The crown is the very top of your chimney. It is important that this part of your chimney be maintained to prevent water penetration, which can damage the masonry structure of your chimney, and weaken it. Masonry chimneys will expand and contract through the weather cycle, and this will cause cracks in your chimney crown. Crown seals prevent water penetration while still allowing the brick to expand and contract.
These pictures show a chase pan that is rusted and badly fitting. These can lead to water penetration of this pre-fabricated chimney which can cause rot or mold. Our custom made chase pan are galvanized steel, with stamped and soldered corners to create a sturdier structure and stronger frame.

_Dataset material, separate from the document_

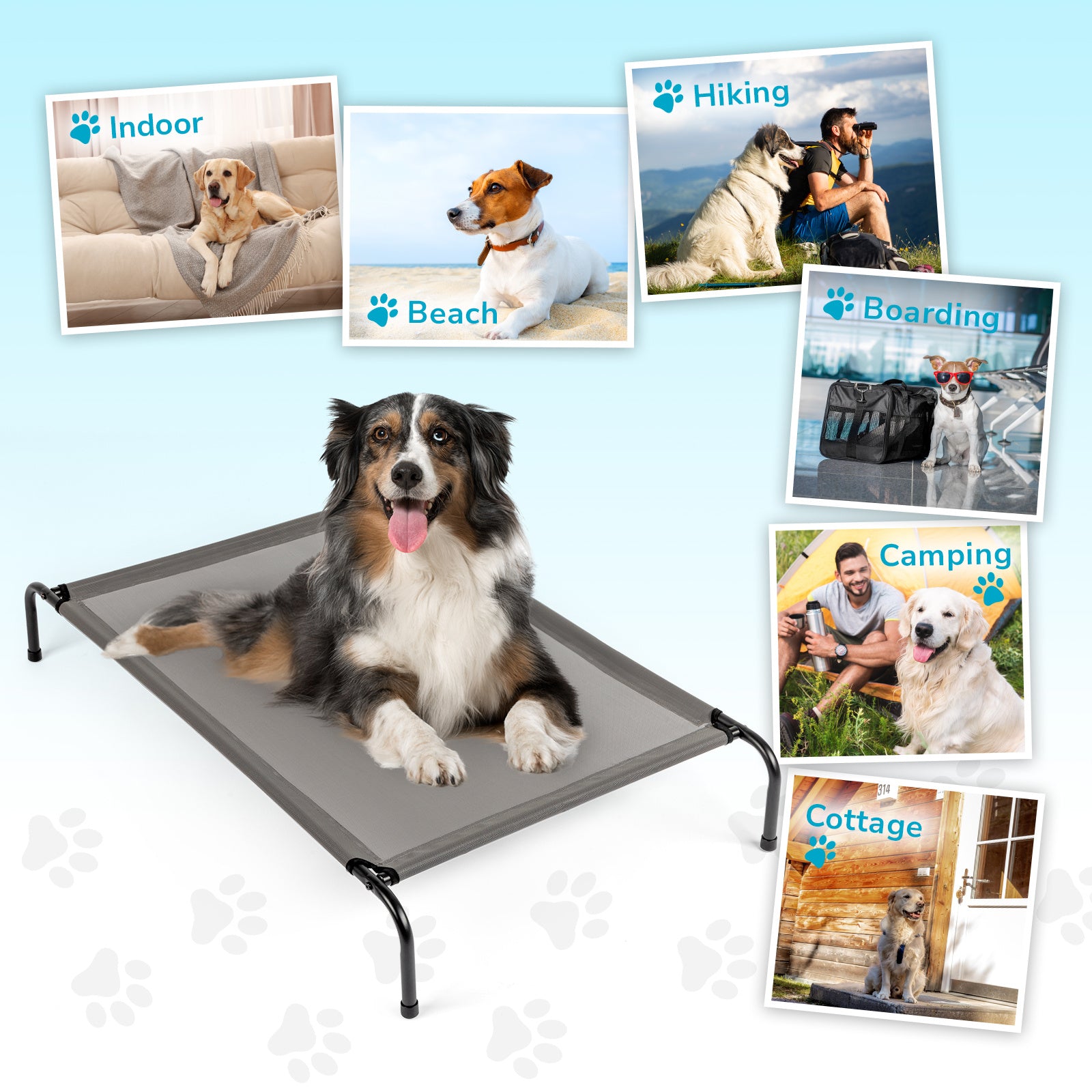 BreezeRest™ – Cooling Kennel for Small to Large Pets Introductions: Comfortable pet bed. Elevated Dog Bed lifts your doggy pal off wet, muddy grass to keep him clean and cool, especially on rainy or hot days as it can elevate pets more than 8 inches off t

The far left picture here gives you a closer look at a deteriorated chimney crown. You can see the thin cracks that have formed. These are called freeze-thaw cracks. You may also notice the broken flue tile on the right side. The center and right hand photos show the applied crown seal as well replaced flue tile and installed chimney caps.
Here we can see a close up of a chimney with a deteriorated crown. It has completely deteriorated from the beveled area, and the very top shows freeze-thaw cracks. Freeze thaw cracks occur as water penetrates the chimney crown then freezes and expands causing these cracks. If allowed to become serious you run the risk of water penetrating the chimney and causing structural damage.
Not every chimney will require a full reline or extensive repairs, but every once in a while smaller repairs are required to help maintain your chimney or masonry. Here you will find some before and after pictures of smaller repairs and maintenance work complete by Castle Chimney.
This photo set shows some damage caused by the use of incorrect products to a masonry chimney. You can see in the center the hard acrylic coating on the top and sides of the chimney. This hard coating was not designated for use on masonry, and the homeowner is lucky that the issue was caught quickly and corrected before serious damage could occur. The hard coating was difficult to remove before the crown could be reapplied and the brickwork repainted.
Here we see a standard before and after of a chimney crown seal. In this case a wire mesh was also applied over the flue opening to prevent animals from entering the flue.